50

The following test program

#include <map>
#include <iostream>

using namespace std;

int main(int argc, char **argv)
{
    map<int,int> a;
    a[1]=a.size();
    for(map<int,int>::const_iterator it=a.begin(); it!=a.end(); ++it)
            cout << "first " << (*it).first << " second " << (*it).second << endl;
}

leads to different output when compiled on g++ 4.8.1 (Ubuntu 12.04 LTS):

g++ xxx.cpp 
./a.out 
first 1 second 1

and on Visual Studio 2012 (Windows 7) (Standard Win32 Console Application Project):

ConsoleApplication1.exe
first 1 second 0

Which compiler is right? Am I doing something wrong?

pmr
  • 58,701
  • 10
  • 113
  • 156
Wald
  • 371
  • 3
  • 4

3 Answers3

77

This is actually a well-formed program that has two equally valid execution paths, so both compilers are right.

a[1] = a.size()

In this expression, the evaluation of the two operands of = are unsequenced.

§1.9/15 [intro.execution] Except where noted, evaluations of operands of individual operators and of subexpressions of individual expressions are unsequenced.

However, function calls are not interleaved, so the calls to operator[] and size are actually indeterminately sequenced, rather than unsequenced.

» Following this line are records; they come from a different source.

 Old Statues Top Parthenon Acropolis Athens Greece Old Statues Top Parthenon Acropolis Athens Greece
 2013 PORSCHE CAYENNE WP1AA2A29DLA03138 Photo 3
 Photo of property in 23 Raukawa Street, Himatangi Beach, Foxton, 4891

§1.9/15 [intro.execution] Every evaluation in the calling function (including other function calls) that is not otherwise specifically sequenced before or after the execution of the body of the called function is indeterminately sequenced with respect to the execution of the called function.

This means that the function calls may happen in one of two orders:

  1. operator[] then size
  2. size then operator[]

If a key doesn't exist and you call operator[] with that key, it will be added to the map, thereby changing the size of the map. So in the first case, the key will be added, the size will be retrieved (which is 1 now), and 1 will be assigned to that key. In the second case, the size will be retrieved (which is 0), the key will be added, and 0 will be assigned to that key.

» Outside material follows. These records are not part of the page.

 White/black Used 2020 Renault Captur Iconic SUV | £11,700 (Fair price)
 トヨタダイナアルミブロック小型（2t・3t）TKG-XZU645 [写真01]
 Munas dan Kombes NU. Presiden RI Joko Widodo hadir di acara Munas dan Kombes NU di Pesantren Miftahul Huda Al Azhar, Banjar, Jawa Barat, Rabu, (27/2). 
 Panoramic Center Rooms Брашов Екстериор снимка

Note, this is not a situation that brings about undefined behaviour. Undefined behaviour occurs when two modifications or a modification and a read of the same scalar object are unsequenced.

§1.9/15 [intro.execution] If a side effect on a scalar object is unsequenced relative to either another side effect on the same scalar object or a value computation using the value of the same scalar object, the behavior is undefined.

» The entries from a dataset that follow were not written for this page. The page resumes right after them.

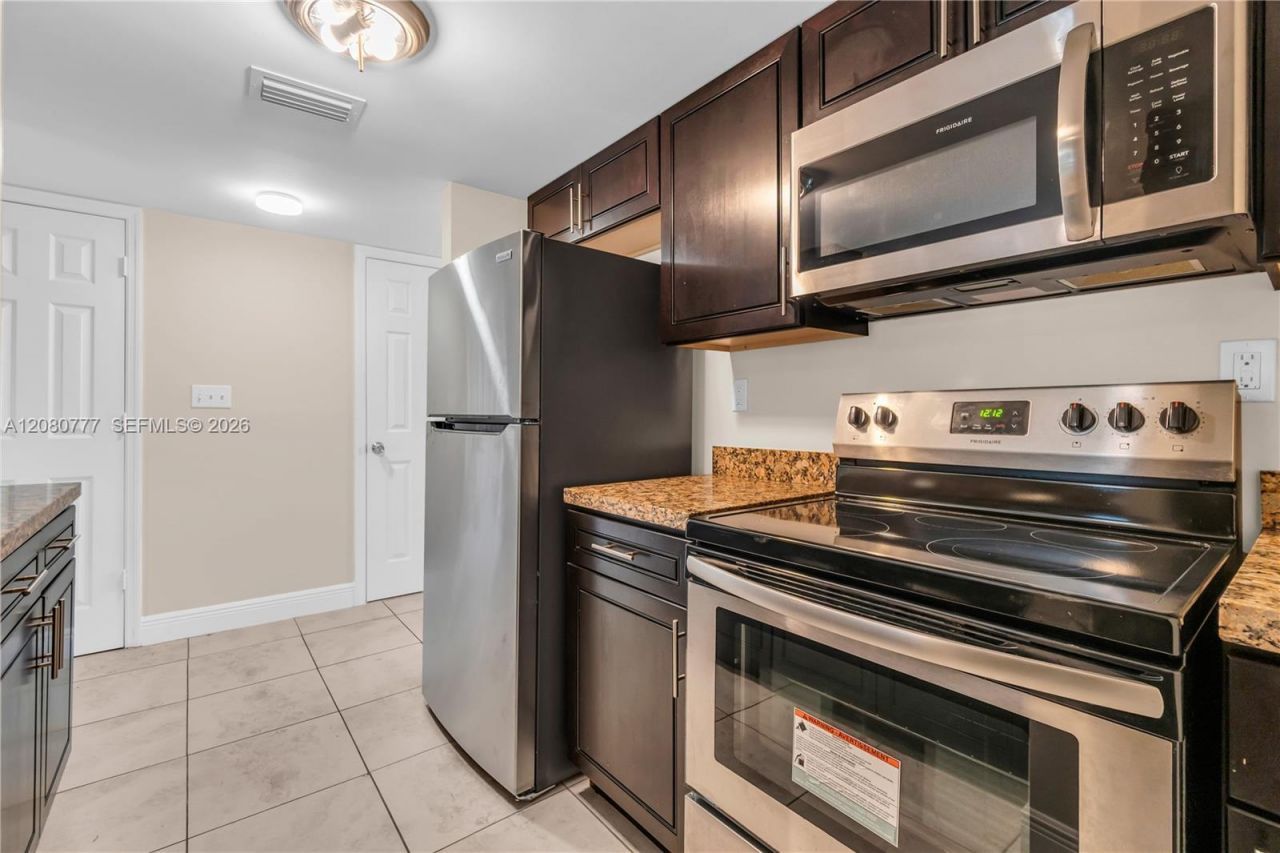 1990 NW 4th Ct , Unit 10, Miami, FL 33136 Photo
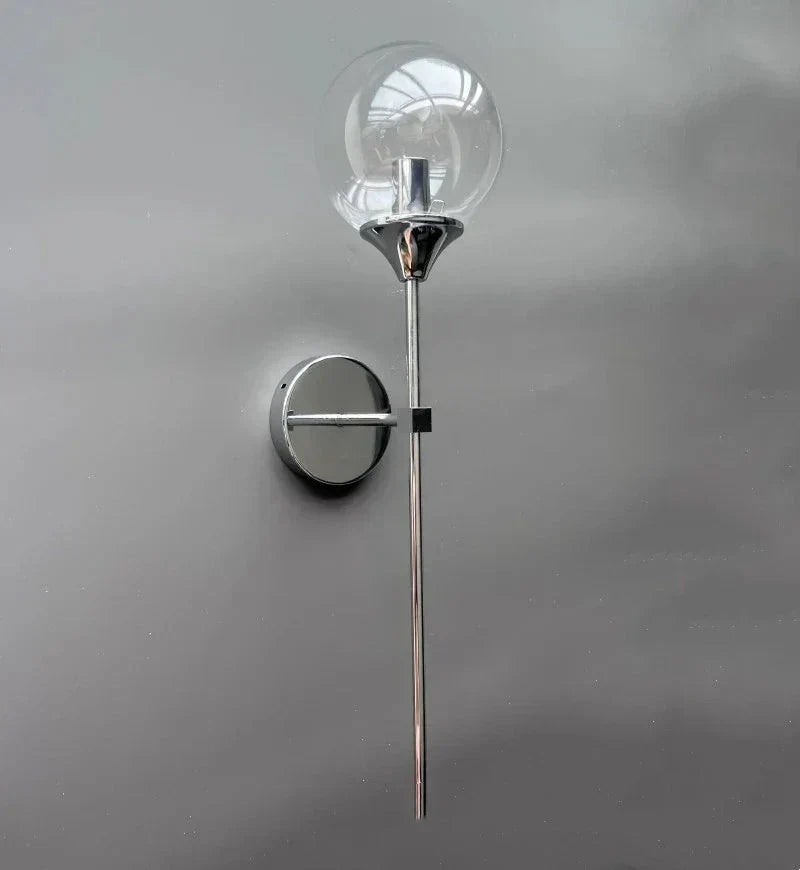 Nástěnné lampy kolekce Maren s leštěným kovovým povrchem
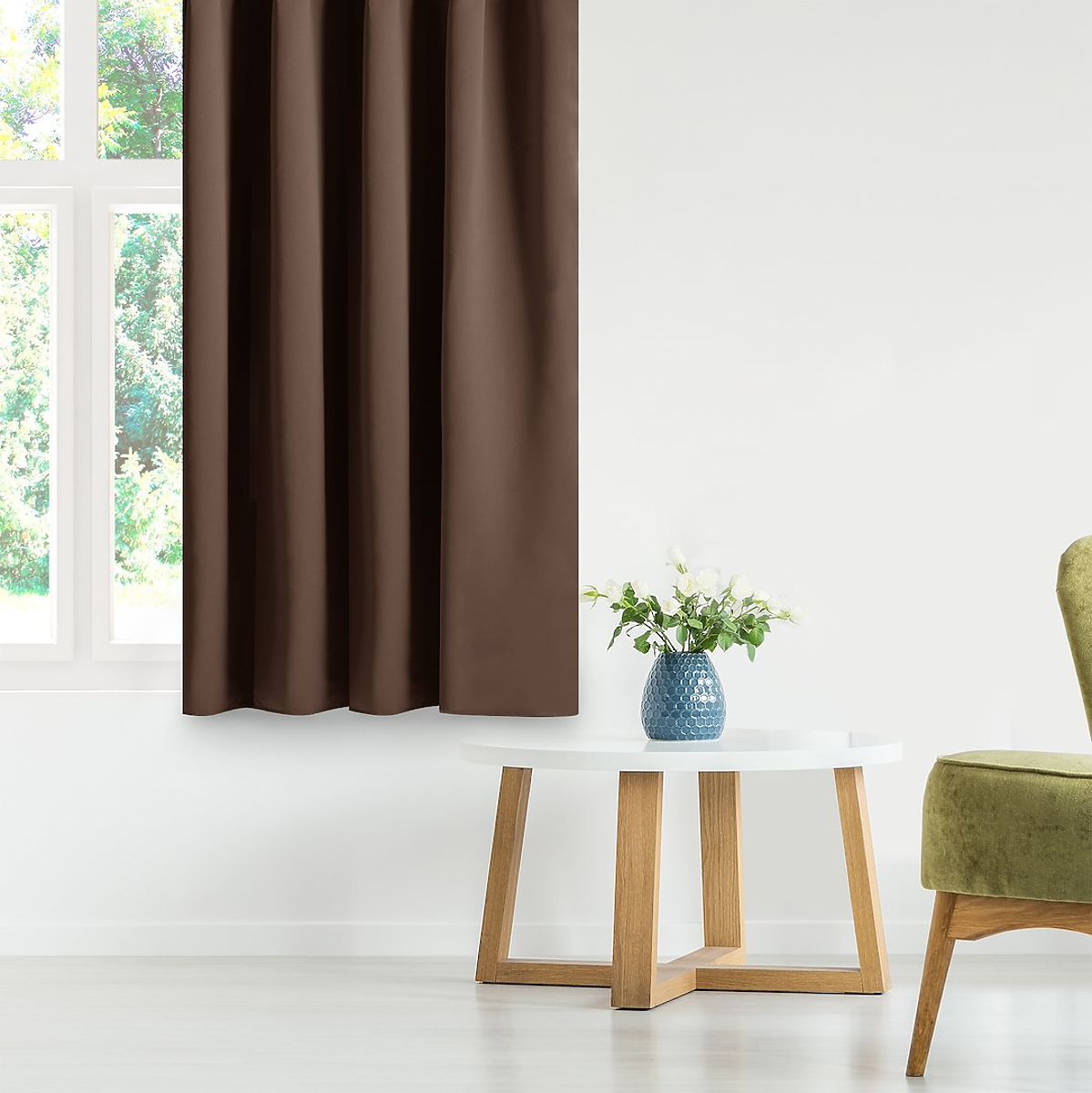 Tenda RESTILO BLACKOUT colore marrone, fascetta per legatura, stile classico, occhielli argento, mat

In this situation, they are not unsequenced but indeterminately sequenced.

So what we do have is two equally valid orderings of the execution of the program. Either could happen and both give valid output. This is unspecified behaviour.

§1.3.25 [defns.unspecified]
unspecified behavior
behavior, for a well-formed program construct and correct data, that depends on the implementation


So to answer your questions:

Which compiler is right?

Both of them are.

Am I doing something wrong?

Probably. It's unlikely that you would want to write code that has two execution paths like this. Unspecified behaviour can be okay, unlike undefined behaviour, because it can be resolved to a single observable output, but it's not worth having in the first place if you can avoid it. Instead, don't write code that has this kind of ambiguity. Depending on what exactly you want correct path to be, you can do either of the following:

auto size = a.size();
a[1] = size; // value is 0

Or:

a[1];
a[1] = a.size(); // value is 1

If you want the result to be 1 and you know the key doesn't yet exist, you could of course do the first code but assign size + 1.

Joseph Mansfield
  • 108,238
  • 20
  • 242
  • 324
  • 14
    +1 You were the only one to mention the effect of having function calls here, which makes all the difference in making this unspecified rather than undefined behaviour. – juanchopanza Jan 15 '14 at 10:32
15

In this case, where a[1] returns a primitive type, please refer to this answer. In the case in which the std::map's value type is an user defined type and operator=(T, std::size_t) is defined for that type, the expression:

a[1] = a.size();

can be converted to the corresponding less-syntactic-sugar version:

a[1] = a.size();
a.operator[](1) = a.size();
operator=(a.operator[](1), a.size());

And, as we all know from the §8.3.6/9:

The order of evaluation of function arguments is unspecified.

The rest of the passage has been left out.